Types de données d’émissions collectées par les organisations auprès de leurs fournisseurs (sur un échantillon de 1 000 répondants) 

Source : sondage tiré du Baromètre des Achats Responsables EcoVadis (2026)


Manque de visibilité persistant au-delà du rang 1 

Le baromètre EcoVadis des Achats Responsables, co-produit avec les équipes d’Accenture est en ligne : https://ecovadis.com/fr/insights/barometer-fr/ 

L’enquête 2026 confirme un manque de visibilité persistant au-delà du rang 1 pour les chaînes d’approvisionnement : 

Près de 80 % des acheteurs ont une visibilité sur la performance durable de plus de la moitié de leurs fournisseurs de rang 1, mais le rang 2 reste un angle mort (seulement 12 % avec plus de 50 % de visibilité) et le rang 3 demeure largement opaque. Cette asymétrie numérique émergente risque d’accentuer les écarts existants en matière de données ESG et de limiter la visibilité et la création de valeur au sein des réseaux d’approvisionnement.

Retrouvez-nous le 6 mai à 11h30 (CET) pour un webinaire d’exploration des conclusions de ce rapport avec Pierre-François Thaler et Matias Pollmann-Larsen


Redéfinir l’empreinte carbone des produits

L’empreinte carbone des produits, ou PCF, pourrait bien constituer la prochaine frontière de la gestion carbone. Mais soyons honnêtes : à l’échelle de l’économie, une grande partie des données sous-jacentes reste encore insuffisamment fiable. Car beaucoup de ce qui se présente aujourd’hui comme des “données produit” repose en réalité sur les mêmes estimations imprécises, qui minent déjà le reporting carbone à l’échelle de l’entreprise. Le chantier est donc bien réel, et la valeur d’un reporting à ce niveau de granularité reste encore à démontrer. C’est à cette condition que la qualité des données pourra progressivement gagner en maturité.

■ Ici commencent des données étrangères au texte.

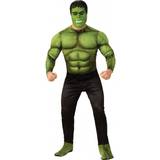 Rubies Hulk Deluxe Kostume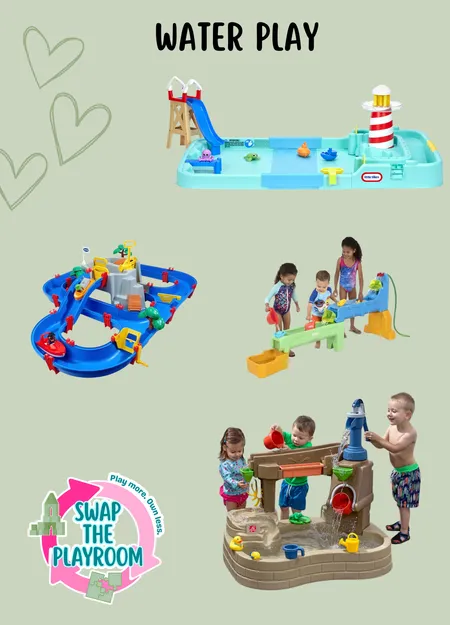 Water Play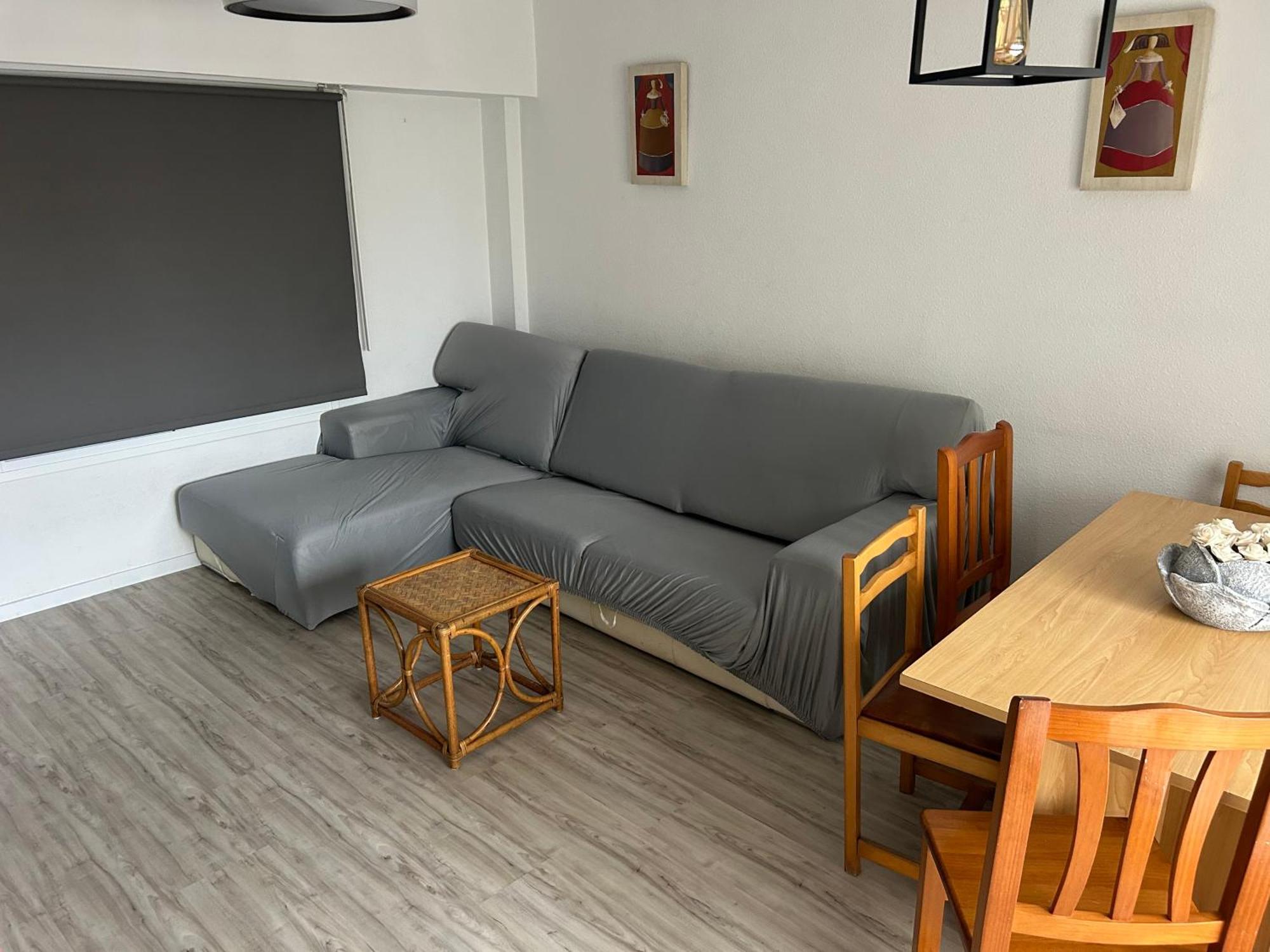 Apartamento En Complejo Residencial Con Piscina Y Garaje Frente Al Mar Valencia Ngoại thất bức ảnh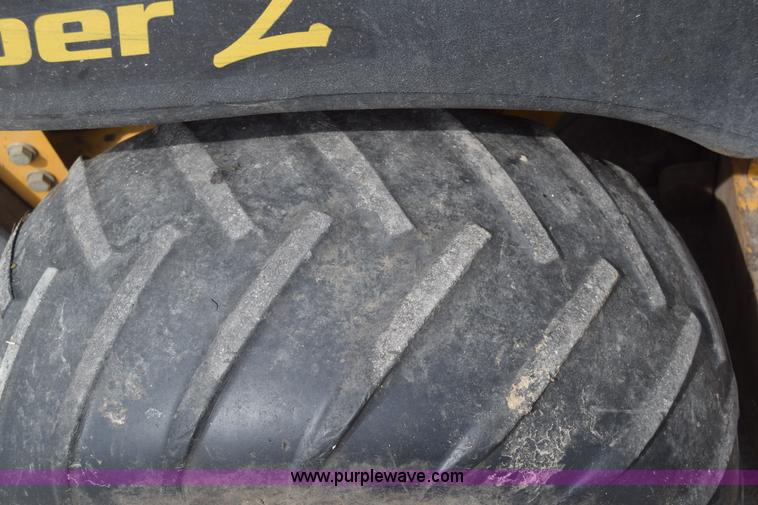 image for item BX9695 Hustler Super Z ZTR lawn mower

> découvrir le nouvel outil PCF calculator EcoVadis 

Pour l’heure, l’intérêt principal des données PCF est ailleurs : elles permettent de mettre en lumière les principales zones d’émission et d’orienter les efforts de décarbonation au niveau du produit. Même imparfaites, elles fournissent déjà des enseignements concrets pour guider l’innovation en matière de conception, d’emballage ou de logistique. Associées à des contrôles qualité rigoureux, ces données plus granulaires ouvrent également la voie à un modèle hybride de reporting plus crédible sur le Scope 3.

Leur importance stratégique s’accélère par ailleurs sous l’effet du mécanisme d’ajustement carbone aux frontières de l’Union européenne. En effet, le CBAM (MACF) exige des données carbone spécifiques au niveau des produits pour des secteurs comme l’acier ou le ciment, et fonctionne, dans les faits, comme un levier tarifaire en faveur de la décarbonation. Aussi, dans un contexte géopolitique marqué par un retour des logiques protectionnistes, des dispositifs comparables pourraient émerger sur d’autres marchés, avec la même ambition : défendre les industries domestiques face à la concurrence de productions moins décarbonées.


Bâtir le réseau de données carbone le plus interconnecté du marché.

C’est ainsi que Dexter Galvin, Climate Ambassador chez EcoVadis, a commenté la signature d’un nouvel accord avec la plateforme Watershed. 

En jouant le rôle de moteur de données primaires pour l’ensemble du secteur, EcoVadis fournit aux entreprises des données de haute qualité, spécifiques à leurs fournisseurs, pour aller au-delà des estimations. 

EcoVadis fournit ainsi la première brique essentielle – les données primaires – et s’associe à d’autres acteurs carbone pour assurer l’intégration des données. 

Le nouveau partenariat avec Watershed vient compléter les premières collaborations établies avec des acteurs déjà établis comme Sweep et Normative ou encore Carbme pour construire une dynamique collective au service d’un reporting plus précis et plus transparent, et accélérer ainsi l’action climatique à l’échelle mondiale.